Combine the early deaths with the well-documented cognitive issues (including early-onset Alzheimer’s and dementia) that former NFL players face at a far higher rate than society as a whole and the league clearly has a problem.  There are now over one-hundred former players suing the league for not protecting them from concussions.  There are even more parents across the country who are questioning whether they will allow their children to play football.  Parents such as former NFL star Kurt Warner.  Players themselves have access to much more information about the potential debilitating effects of playing football today than what was available even ten years ago.  It’s not difficult to foresee more and more young multi-sport athletes choosing baseball, basketball, soccer, etc., over football because they decide that the risk of spending half their life crippled or worse, an early death, is not worth the reward of (on average) four seasons of glory and big paychecks.

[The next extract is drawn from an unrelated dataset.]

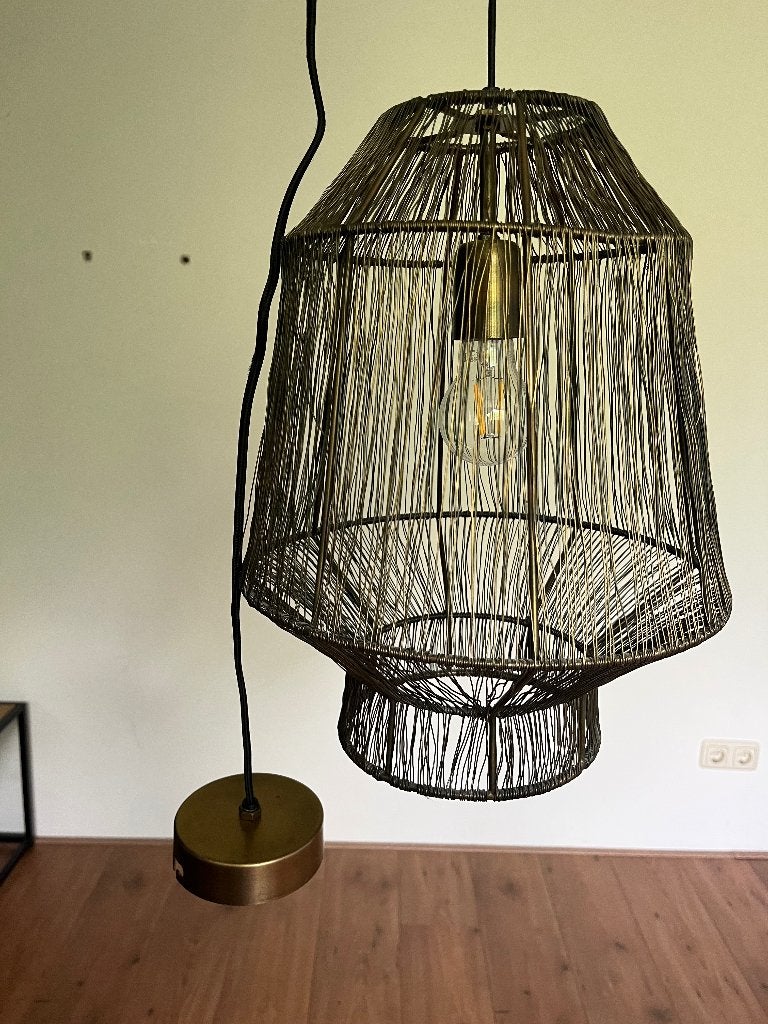 Industriële hanglamp met metalen draadkap, Ophalen, Zo goed als nieuw, Metaal, Industrieel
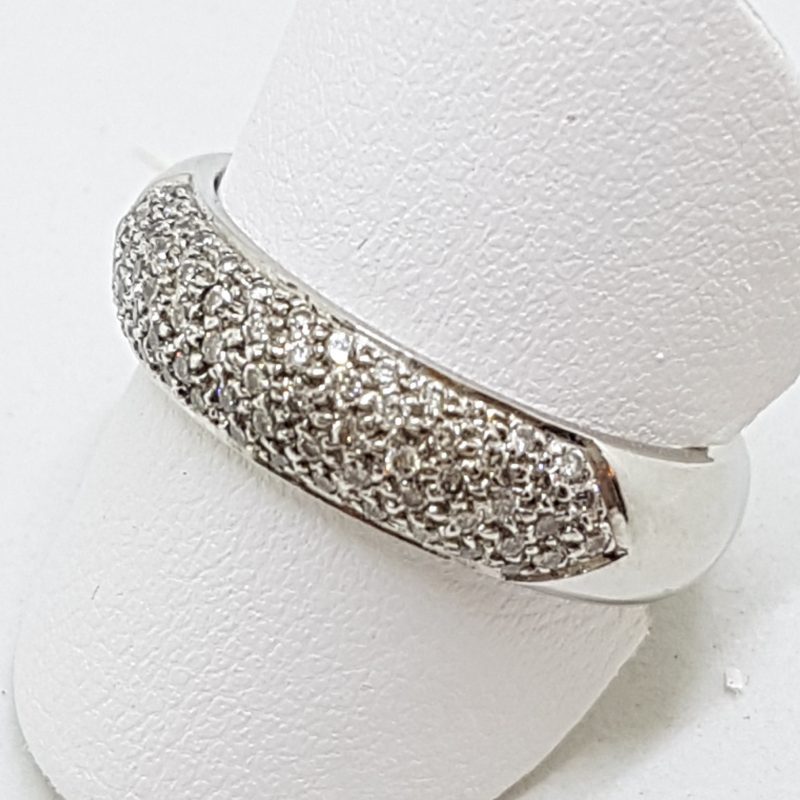 18ct White Gold Pave Set Diamond Wide Band Ring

It is more than a little bit ironic that Junior Seau’s death dominated the news on the same day that the harsh individual suspensions were handed out to current and former New Orleans Saints players in the bounty scandal.  The NFL and Roger Goodell came down hard on the players, with Jonathan Vilma in particular receiving a far longer suspension than most pundits predicted.  The league is doing everything they can to show (the courts) that they care about player safety.  But the more they change rules or dole out punishments in an effort to protect players, the more they will change very fabric of the game.  It’s a catch-22 for the league; fans generally seem to hate all of the restrictive rules put on defenders that are designed with player safety in mind, but the league cannot continue to sit back and absorb the legal and social pressure that comes with still young former players dying or suffering from diseases associated with far older people.  The more players are protected, the less physical football will become.  Without the physical element, football will lose the gladiatorial aspect that has always set it apart from every other team sport.  The NFL’s popularity was built on the crushing hits delivered by men like Junior Seau, but the league can no longer ignore the ugly truth of what the accumulation of these hits does to these same men later in life.  It is difficult to see how the NFL will rectify this conundrum.  

The NFL is currently the most popular league in America based on average attendance, TV ratings, media attention, franchise values, merchandise sales, etc.  For the past few decades, it would have been fairly asinine for someone to suggest that the NFL’s well-maintained grip on their lofty stature could ever be loosened.  But not so long ago, it would have been absolutely inconceivable for baseball to be anything but the most popular sport in this country.  It dominated media and the American sports fan’s attention in and out of season just as today’s NFL does.  Over time, a number of factors (strikes, steroids, over-expansion, etc.) combined to diminish baseball’s standing in American sports. The NFL may be irrevocably on the same path.